At present, a forming cutter is generally adopted for machining spherical surfaces on milling equipment such as a milling machine, a machining center, a four-axis machine tool and the like, the machining precision is low, the surface roughness is poor, the spherical surface profile is difficult to guarantee, and the spherical surface machining on some special-shaped parts can not even be finished. The ball pump is a new mechanical structure in recent years, and is currently in the industrial development stage, and a plurality of processing methods and processing technologies are under development.

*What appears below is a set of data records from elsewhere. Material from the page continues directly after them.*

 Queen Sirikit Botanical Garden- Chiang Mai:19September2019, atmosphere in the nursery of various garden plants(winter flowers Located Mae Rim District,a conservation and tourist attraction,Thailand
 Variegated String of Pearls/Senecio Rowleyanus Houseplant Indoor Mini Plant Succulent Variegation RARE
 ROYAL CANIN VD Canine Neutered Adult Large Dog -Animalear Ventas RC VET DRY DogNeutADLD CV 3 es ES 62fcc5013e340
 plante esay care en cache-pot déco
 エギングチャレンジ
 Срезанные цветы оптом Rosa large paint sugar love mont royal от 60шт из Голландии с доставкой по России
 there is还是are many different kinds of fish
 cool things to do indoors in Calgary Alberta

As shown in fig. 1, the cylinder body is a cylinder structure, the upper end surface of the cylinder is an inclined end surface, an included angle α is formed between the upper end surface and the vertical end surface of the cylinder, a hemispherical surface 501 is arranged on the upper end surface, the upper end surface passes through the spherical center of the hemispherical surface 501, the lower end surface of the cylinder is a vertical end surface, that is, the lower end surface is vertical to the axis of the cylinder, a cylinder inner cavity 502 is arranged at the center of the lower end surface of the cylinder, and the axis of the cylinder inner cavity 502 passes through the spherical center of the hemispherical surface 501; in the manufacturing process of a prototype, a four-axis machining center or other milling methods are adopted, and the problems in the machining process are as follows: firstly, the dimensional accuracy and the surface roughness of the hemispherical surface 501 can not meet the requirements of a drawing (the requirements of the drawing are that the dimensional accuracy is +/-0.01 mm, the spherical profile is 0.01 mm, and the roughness is Ra0.8 microns); secondly, the center of the hemisphere 501 cannot be guaranteed to be on the end surface; third, the axis of the lower end surface cylindrical cavity 502 does not pass through the center of the hemisphere 501; fourthly, the consistency of the product is poor, and the processing efficiency is low. The problems cannot be overcome through multiple processing trial production.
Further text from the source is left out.